▶ _Task directions_: Copy the records below without altering a single word.

▶ _Extracted entries_:
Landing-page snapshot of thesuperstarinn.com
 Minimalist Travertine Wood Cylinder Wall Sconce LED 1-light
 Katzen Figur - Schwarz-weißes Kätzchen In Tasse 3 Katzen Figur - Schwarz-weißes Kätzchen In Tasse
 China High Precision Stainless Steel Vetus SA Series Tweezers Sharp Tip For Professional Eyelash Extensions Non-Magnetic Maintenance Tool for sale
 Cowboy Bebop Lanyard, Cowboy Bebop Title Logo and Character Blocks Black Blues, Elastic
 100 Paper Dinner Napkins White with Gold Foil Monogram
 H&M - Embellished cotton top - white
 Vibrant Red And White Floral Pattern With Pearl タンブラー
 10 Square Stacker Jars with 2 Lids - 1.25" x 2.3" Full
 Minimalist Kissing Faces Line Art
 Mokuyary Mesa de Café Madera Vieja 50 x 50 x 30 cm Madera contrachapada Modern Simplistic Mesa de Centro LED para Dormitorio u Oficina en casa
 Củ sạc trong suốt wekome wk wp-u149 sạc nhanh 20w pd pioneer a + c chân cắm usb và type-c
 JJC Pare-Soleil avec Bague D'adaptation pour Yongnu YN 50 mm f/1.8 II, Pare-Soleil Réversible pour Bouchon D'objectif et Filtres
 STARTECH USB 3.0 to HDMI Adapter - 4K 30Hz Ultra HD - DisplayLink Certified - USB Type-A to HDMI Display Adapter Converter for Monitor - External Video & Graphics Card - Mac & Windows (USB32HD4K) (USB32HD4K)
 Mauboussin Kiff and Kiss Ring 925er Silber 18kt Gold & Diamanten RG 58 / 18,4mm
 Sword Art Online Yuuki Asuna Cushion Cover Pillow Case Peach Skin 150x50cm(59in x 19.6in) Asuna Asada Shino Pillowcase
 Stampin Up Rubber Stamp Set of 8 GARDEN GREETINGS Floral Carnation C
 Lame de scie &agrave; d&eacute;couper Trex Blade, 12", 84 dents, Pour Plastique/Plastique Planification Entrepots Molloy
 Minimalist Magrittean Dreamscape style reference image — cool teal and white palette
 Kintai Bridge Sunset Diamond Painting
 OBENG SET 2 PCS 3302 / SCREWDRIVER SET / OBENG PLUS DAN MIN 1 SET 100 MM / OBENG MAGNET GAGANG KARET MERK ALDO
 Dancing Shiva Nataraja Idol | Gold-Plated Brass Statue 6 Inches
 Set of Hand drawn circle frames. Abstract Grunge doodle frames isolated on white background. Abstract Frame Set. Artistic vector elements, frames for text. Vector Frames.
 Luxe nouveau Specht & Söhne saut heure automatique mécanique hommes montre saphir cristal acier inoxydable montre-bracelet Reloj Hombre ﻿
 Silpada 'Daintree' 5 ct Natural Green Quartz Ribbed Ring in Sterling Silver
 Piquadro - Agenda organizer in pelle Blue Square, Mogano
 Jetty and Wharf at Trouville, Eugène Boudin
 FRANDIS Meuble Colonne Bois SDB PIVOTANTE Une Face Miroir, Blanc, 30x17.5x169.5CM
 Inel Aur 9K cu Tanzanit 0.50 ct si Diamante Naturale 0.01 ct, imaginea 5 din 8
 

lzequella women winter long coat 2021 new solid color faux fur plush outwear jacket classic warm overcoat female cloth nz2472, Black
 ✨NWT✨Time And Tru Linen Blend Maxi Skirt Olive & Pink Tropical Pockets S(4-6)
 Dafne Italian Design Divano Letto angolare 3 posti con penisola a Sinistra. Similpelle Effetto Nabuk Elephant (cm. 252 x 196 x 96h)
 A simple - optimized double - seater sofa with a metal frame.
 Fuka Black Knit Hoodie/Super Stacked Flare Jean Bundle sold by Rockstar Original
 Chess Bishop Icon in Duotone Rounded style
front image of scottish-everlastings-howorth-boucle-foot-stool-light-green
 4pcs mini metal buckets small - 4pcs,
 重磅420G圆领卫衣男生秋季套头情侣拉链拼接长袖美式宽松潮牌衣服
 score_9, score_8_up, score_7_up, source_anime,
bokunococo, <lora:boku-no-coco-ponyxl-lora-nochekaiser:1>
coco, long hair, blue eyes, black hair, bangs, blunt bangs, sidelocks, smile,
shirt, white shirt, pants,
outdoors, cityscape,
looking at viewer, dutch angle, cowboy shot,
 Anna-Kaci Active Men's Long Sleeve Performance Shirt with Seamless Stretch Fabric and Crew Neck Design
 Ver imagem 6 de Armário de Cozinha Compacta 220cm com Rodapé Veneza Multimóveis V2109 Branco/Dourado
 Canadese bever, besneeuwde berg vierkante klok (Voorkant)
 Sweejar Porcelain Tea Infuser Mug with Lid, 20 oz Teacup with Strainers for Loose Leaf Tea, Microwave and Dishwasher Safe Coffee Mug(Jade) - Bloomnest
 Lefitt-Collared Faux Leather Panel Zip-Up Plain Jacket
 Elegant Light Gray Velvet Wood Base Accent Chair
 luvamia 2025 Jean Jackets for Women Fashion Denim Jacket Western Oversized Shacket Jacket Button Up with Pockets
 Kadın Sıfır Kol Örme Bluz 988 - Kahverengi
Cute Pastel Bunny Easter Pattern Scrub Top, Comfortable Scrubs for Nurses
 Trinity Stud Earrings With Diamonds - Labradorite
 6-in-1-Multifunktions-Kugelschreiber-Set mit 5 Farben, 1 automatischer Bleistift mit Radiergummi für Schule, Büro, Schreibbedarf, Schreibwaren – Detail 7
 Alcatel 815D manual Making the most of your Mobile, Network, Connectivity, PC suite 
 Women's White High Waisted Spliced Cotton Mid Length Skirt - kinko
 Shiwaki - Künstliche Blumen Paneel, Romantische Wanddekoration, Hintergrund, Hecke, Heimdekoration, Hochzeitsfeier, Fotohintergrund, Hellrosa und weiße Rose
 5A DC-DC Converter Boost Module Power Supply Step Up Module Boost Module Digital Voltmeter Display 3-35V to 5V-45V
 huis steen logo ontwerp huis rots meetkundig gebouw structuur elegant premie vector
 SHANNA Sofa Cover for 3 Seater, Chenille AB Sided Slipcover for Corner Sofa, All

▶ _Your response_:
Landing-page snapshot of thesuperstarinn.com
 Minimalist Travertine Wood Cylinder Wall Sconce LED 1-light
 Katzen Figur - Schwarz-weißes Kätzchen In Tasse 3 Katzen Figur - Schwarz-weißes Kätzchen In Tasse
 China High Precision Stainless Steel Vetus SA Series Tweezers Sharp Tip For Professional Eyelash Extensions Non-Magnetic Maintenance Tool for sale
 Cowboy Bebop Lanyard, Cowboy Bebop Title Logo and Character Blocks Black Blues, Elastic
 100 Paper Dinner Napkins White with Gold Foil Monogram
 H&M - Embellished cotton top - white
 Vibrant Red And White Floral Pattern With Pearl タンブラー
 10 Square Stacker Jars with 2 Lids - 1.25" x 2.3" Full
 Minimalist Kissing Faces Line Art
 Mokuyary Mesa de Café Madera Vieja 50 x 50 x 30 cm Madera contrachapada Modern Simplistic Mesa de Centro LED para Dormitorio u Oficina en casa
 Củ sạc trong suốt wekome wk wp-u149 sạc nhanh 20w pd pioneer a + c chân cắm usb và type-c
 JJC Pare-Soleil avec Bague D'adaptation pour Yongnu YN 50 mm f/1.8 II, Pare-Soleil Réversible pour Bouchon D'objectif et Filtres
 STARTECH USB 3.0 to HDMI Adapter - 4K 30Hz Ultra HD - DisplayLink Certified - USB Type-A to HDMI Display Adapter Converter for Monitor - External Video & Graphics Card - Mac & Windows (USB32HD4K) (USB32HD4K)
 Mauboussin Kiff and Kiss Ring 925er Silber 18kt Gold & Diamanten RG 58 / 18,4mm
 Sword Art Online Yuuki Asuna Cushion Cover Pillow Case Peach Skin 150x50cm(59in x 19.6in) Asuna Asada Shino Pillowcase
 Stampin Up Rubber Stamp Set of 8 GARDEN GREETINGS Floral Carnation C
 Lame de scie &agrave; d&eacute;couper Trex Blade, 12", 84 dents, Pour Plastique/Plastique Planification Entrepots Molloy
 Minimalist Magrittean Dreamscape style reference image — cool teal and white palette
 Kintai Bridge Sunset Diamond Painting
 OBENG SET 2 PCS 3302 / SCREWDRIVER SET / OBENG PLUS DAN MIN 1 SET 100 MM / OBENG MAGNET GAGANG KARET MERK ALDO
 Dancing Shiva Nataraja Idol | Gold-Plated Brass Statue 6 Inches
 Set of Hand drawn circle frames. Abstract Grunge doodle frames isolated on white background. Abstract Frame Set. Artistic vector elements, frames for text. Vector Frames.
 Luxe nouveau Specht & Söhne saut heure automatique mécanique hommes montre saphir cristal acier inoxydable montre-bracelet Reloj Hombre ﻿
 Silpada 'Daintree' 5 ct Natural Green Quartz Ribbed Ring in Sterling Silver
 Piquadro - Agenda organizer in pelle Blue Square, Mogano
 Jetty and Wharf at Trouville, Eugène Boudin
 FRANDIS Meuble Colonne Bois SDB PIVOTANTE Une Face Miroir, Blanc, 30x17.5x169.5CM
 Inel Aur 9K cu Tanzanit 0.50 ct si Diamante Naturale 0.01 ct, imaginea 5 din 8
 

lzequella women winter long coat 2021 new solid color faux fur plush outwear jacket classic warm overcoat female cloth nz2472, Black
 ✨NWT✨Time And Tru Linen Blend Maxi Skirt Olive & Pink Tropical Pockets S(4-6)
 Dafne Italian Design Divano Letto angolare 3 posti con penisola a Sinistra. Similpelle Effetto Nabuk Elephant (cm. 252 x 196 x 96h)
 A simple - optimized double - seater sofa with a metal frame.
 Fuka Black Knit Hoodie/Super Stacked Flare Jean Bundle sold by Rockstar Original
 Chess Bishop Icon in Duotone Rounded style
front image of scottish-everlastings-howorth-boucle-foot-stool-light-green
 4pcs mini metal buckets small - 4pcs,
 重磅420G圆领卫衣男生秋季套头情侣拉链拼接长袖美式宽松潮牌衣服
 score_9, score_8_up, score_7_up, source_anime,
bokunococo, <lora:boku-no-coco-ponyxl-lora-nochekaiser:1>
coco, long hair, blue eyes, black hair, bangs, blunt bangs, sidelocks, smile,
shirt, white shirt, pants,
outdoors, cityscape,
looking at viewer, dutch angle, cowboy shot,
 Anna-Kaci Active Men's Long Sleeve Performance Shirt with Seamless Stretch Fabric and Crew Neck Design
 Ver imagem 6 de Armário de Cozinha Compacta 220cm com Rodapé Veneza Multimóveis V2109 Branco/Dourado
 Canadese bever, besneeuwde berg vierkante klok (Voorkant)
 Sweejar Porcelain Tea Infuser Mug with Lid, 20 oz Teacup with Strainers for Loose Leaf Tea, Microwave and Dishwasher Safe Coffee Mug(Jade) - Bloomnest
 Lefitt-Collared Faux Leather Panel Zip-Up Plain Jacket
 Elegant Light Gray Velvet Wood Base Accent Chair
 luvamia 2025 Jean Jackets for Women Fashion Denim Jacket Western Oversized Shacket Jacket Button Up with Pockets
 Kadın Sıfır Kol Örme Bluz 988 - Kahverengi
Cute Pastel Bunny Easter Pattern Scrub Top, Comfortable Scrubs for Nurses
 Trinity Stud Earrings With Diamonds - Labradorite
 6-in-1-Multifunktions-Kugelschreiber-Set mit 5 Farben, 1 automatischer Bleistift mit Radiergummi für Schule, Büro, Schreibbedarf, Schreibwaren – Detail 7
 Alcatel 815D manual Making the most of your Mobile, Network, Connectivity, PC suite 
 Women's White High Waisted Spliced Cotton Mid Length Skirt - kinko
 Shiwaki - Künstliche Blumen Paneel, Romantische Wanddekoration, Hintergrund, Hecke, Heimdekoration, Hochzeitsfeier, Fotohintergrund, Hellrosa und weiße Rose
 5A DC-DC Converter Boost Module Power Supply Step Up Module Boost Module Digital Voltmeter Display 3-35V to 5V-45V
 huis steen logo ontwerp huis rots meetkundig gebouw structuur elegant premie vector
 SHANNA Sofa Cover for 3 Seater, Chenille AB Sided Slipcover for Corner Sofa, All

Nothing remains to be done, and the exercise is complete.